* _About this exercise_
Your task is to give the listing below back word for word, pictures excluded.

* _Source material_
________

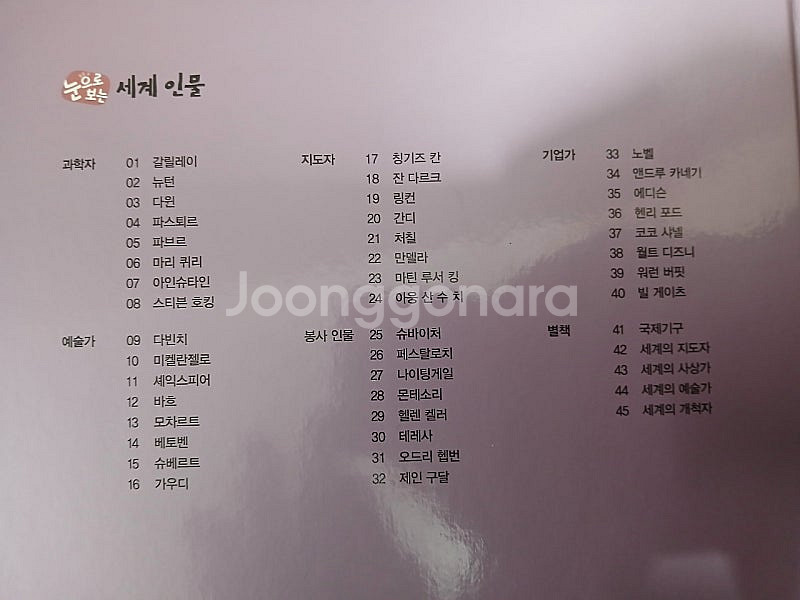 교원 / 눈으로 보는 한국인물, 눈으로 보는 세계인물 ...--4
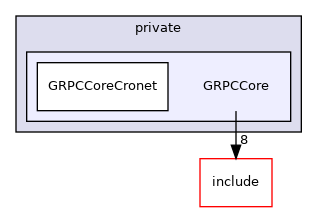 GRPCCore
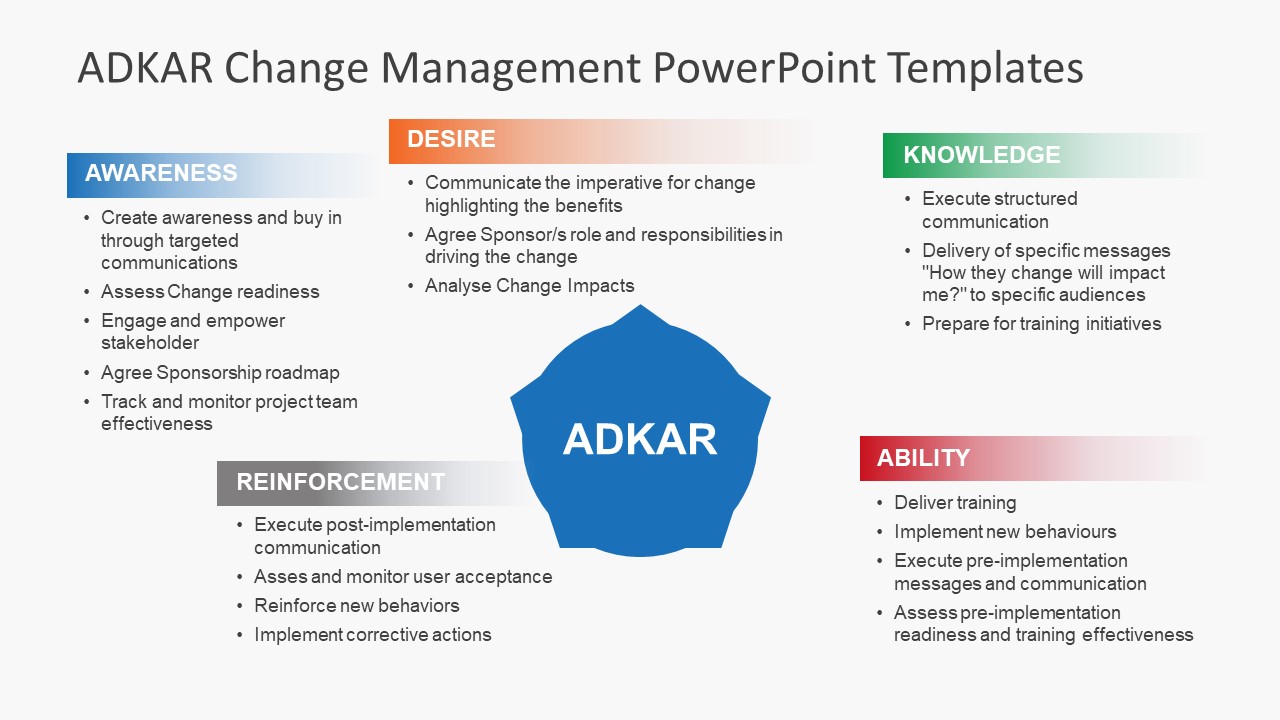 ADKAR Change Management Model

________

* _Written response_
 교원 / 눈으로 보는 한국인물, 눈으로 보는 세계인물 ...--4
 GRPCCore
 ADKAR Change Management Model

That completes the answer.